3.3.5.html

<!DOCTYPE html>
<html>
<head>
<link rel="stylesheet" type="text/css" href="sst_review_style.css">
<title>3.3.5 Assessing the Efficacy of Bias Adjustments</title>
</head>
<body>
<div class="row">
  <div class="column side">
  <p></p>
  </div>
  <div class="column middle">
<p>
<a href="3.3.4.html">Previous - 3.3.4 Refinements to Estimates of Pervasive Systematic Errors</a> <a href="index.html">Index</a> <a href="3.3.6.html">Next - 3.3.6 Summary of Pervasive Systematic Errors and Biases</a>
</p>
<h1>3.3.5 Assessing the Efficacy of Bias Adjustments</h1>
<p>
The efficacy of the bias adjustments and their uncertainties are difficult to assess, 
particularly earlier in the record when there are fewere independent strands of information. 
There are various ways of addressing the question. One could assess the adjustment method directly 
- for example using a wind tunnel to test the model of heat loss from a bucket or by 
making dedicated measurements on board a ship. Alternatively, one can look at the adjusted data 
and compare them to a reference data source either directly or indirectly (via a model of 
some kind). Ideally, reference data sets used in this way should be of high quality and have 
well characterised uncertainties.
</p><p> 
Folland and Parker [1995] presented wind tunnel and ship board tests and also used 
their adjustments to estimate the differences between bucket and ERI measurements in 
broad latitude bands. These limited comparisons showed that their model could predict 
experimental results to better than 0.2 K. Carella et al. [2017b], performed tests of the 
Folland and Parker [1995] bucket model in a laboratory. They were able to test the dependency 
of heat loss (and gain) on wind speed and air-sea temperature difference, but did not vary the 
exposure to solar radiation. They found that the models performed reasonably well, but that 
minor changes in behaviour, such as whether the sample was stirred, could change the rate of 
measured heat loss. They compared the modelled heat loss to earlier test data gathered by Ashford 
[1948] and Roll [1951] which suggested that heat loss was also dependent on whether the air flow 
round the bucket was laminar or turbulent. Matthews [2013] and Matthews and Matthews [2013] reported 
field measurements of SST made using different buckets and simultaneous thermo-salinograph 
measurements. They found negligible biases between different buckets, but their experimental design 
involved larger buckets and shorter measurement times than were used in Folland and Parker [1995]. 

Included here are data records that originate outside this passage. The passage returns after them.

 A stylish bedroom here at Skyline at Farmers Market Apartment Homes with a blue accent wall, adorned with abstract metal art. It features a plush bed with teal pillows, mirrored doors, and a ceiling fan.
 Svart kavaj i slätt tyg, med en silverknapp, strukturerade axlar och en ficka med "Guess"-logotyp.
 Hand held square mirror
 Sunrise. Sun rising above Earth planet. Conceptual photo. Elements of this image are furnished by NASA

Both these differences would act to reduce the observed bias. Nevertheless, this highlights the 
potential for well-designed field experiments to improve understanding of historical biases.
</p><p>
There have been numerous studies comparing the adjusted SST data to other data sets. 
Folland and Salinger [1995] presented comparisons between air temperatures measured 
in New Zealand and SST measurements made nearby. Smith and Renyolds [2002] used oceanographic 
observations to assess their adjustments and those of Folland and Parker [1995]. In regions with 
sufficient observations they found that the magnitude of the Smith and Reynolds [2002] 

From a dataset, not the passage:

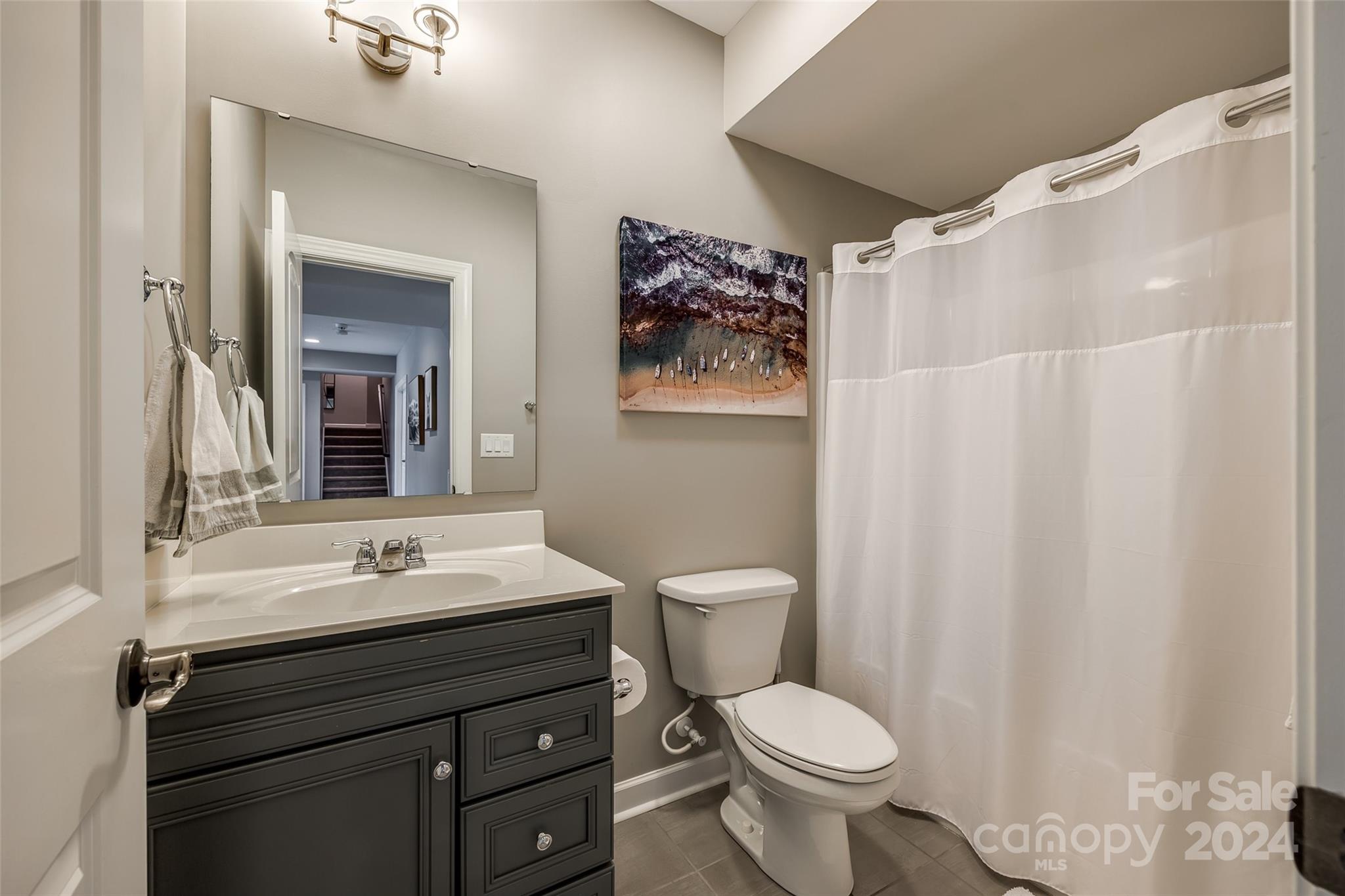 2264 Watermark Point Place Fort Mill, SC 29708 - Photo 36 of 48 a bathroom with a sink toilet and mirror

adjustments better explained the differences between SSTs and oceanographic 
observations, but the phase of the annual cycle was better captured by Folland and 
Parker [1995]. Hanawa et al. [2000] showed that the Folland and Parker [1995] 

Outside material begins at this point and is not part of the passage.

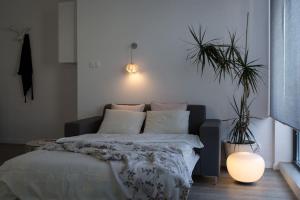 a bedroom with a bed and a potted plant at Sunny Mokotow - apartment near the metro in Warsaw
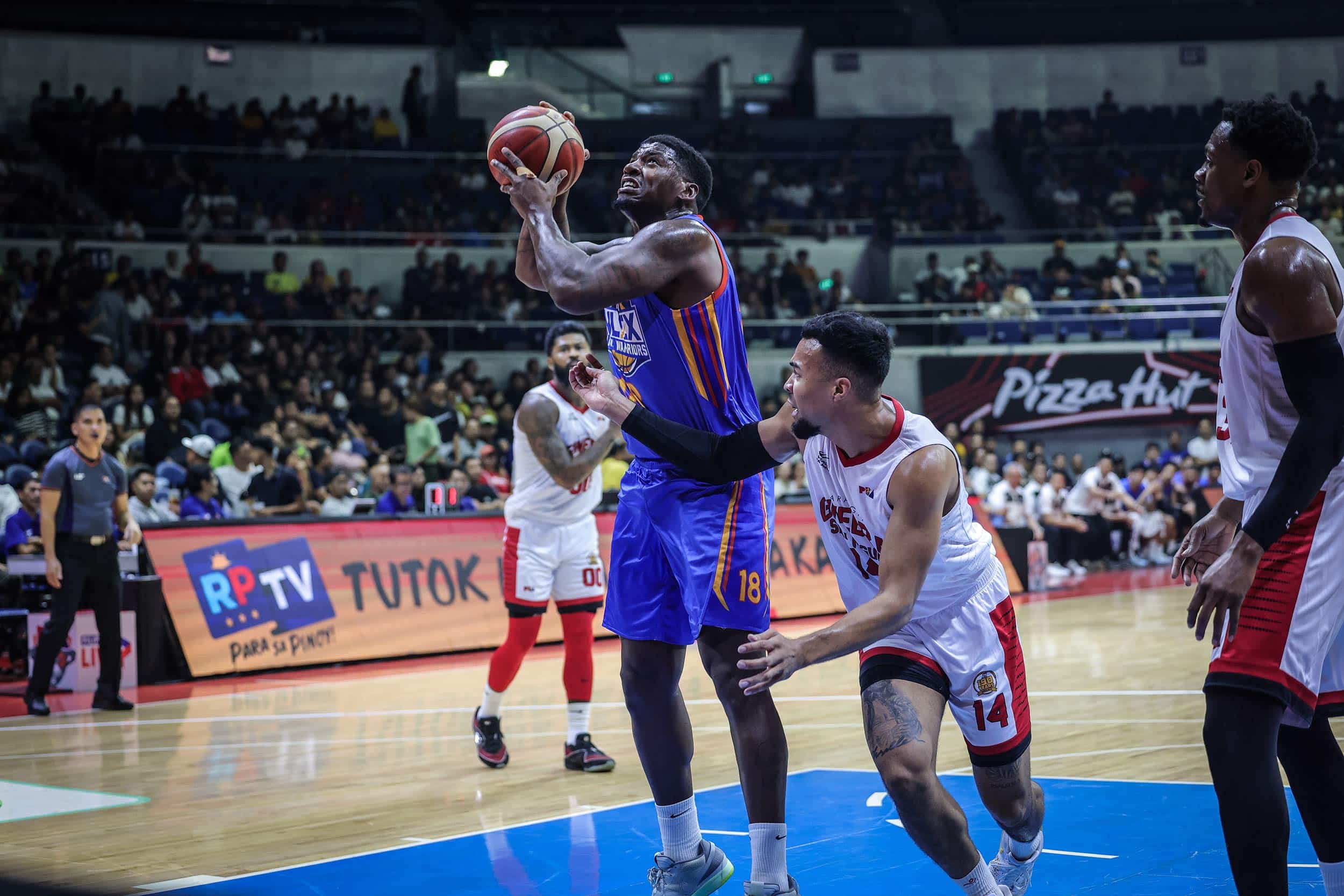 NLEX Road Warriors' DeQuan Jones against Barangay Ginebra Gin Kings' Stephen Holt during a PBA Governors' Cup game.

adjustments improved the agreement between Japanese ship data and independent SST 
data from Japanese coastal stations in two periods: before and after the Second 
World War. However, the collection of ship data (COADS and Kobe collections) used in 
Hanawa et al. [2000] might not have had the same bias characteristics as assumed by 
Folland and Parker [1995], which was based on the Met Office Marine Data Bank, in developing 
their adjustments. Other long term coastal records of water temperature exist. Some of 
these [Hanna et al., 2006; MacKenzie and Schiedek, 2007; Cannaby and H&uuml;srevo&#287;lu, 2009] 
have been compared to open ocean SST analyses (though not with the express intention
 of assessing bias adjustments), others have not [Maul et al., 2001; Nixon et al., 
 2004; Breaker et al. 2005]. Cowtan et al. [2018] used comparisons with air temperature measured 
at coastal and island weather stations to assess existing bias adjustment schemes and highlighted 
a number of features in the adjusted SST data which were inconsistent with the coastal land 
temperature records.
</p><p>
Since the late 1940s, global and hemispheric average SST anomalies calculated separately from 
adjusted bucket measurements and adjusted ERI measurements showed consistent long-term and 
short-term changes [Kennedy et al., 2011c]. From the 1990s, there are also plentiful observations 
from drifting and moored buoys.
</p><p>
Hausfather et al. [2017] identified what they called "instrumentally homogeneous" data sets 
which consist of a single type of instrument (or a group of closely related instruments). The 
idea being that such a series would be more stable over time and provide a good benchmark for 
assessing bias adjustments. They studied the period from the early 1990s for which there are 
three instrumentally homogeneous records: drifters, infra-red satellite retrievals (from the ESA SST CCI 
project) and, latterly, Argo. They found that global temepratures in ERSSTv4 (Huang et al. [2015]) 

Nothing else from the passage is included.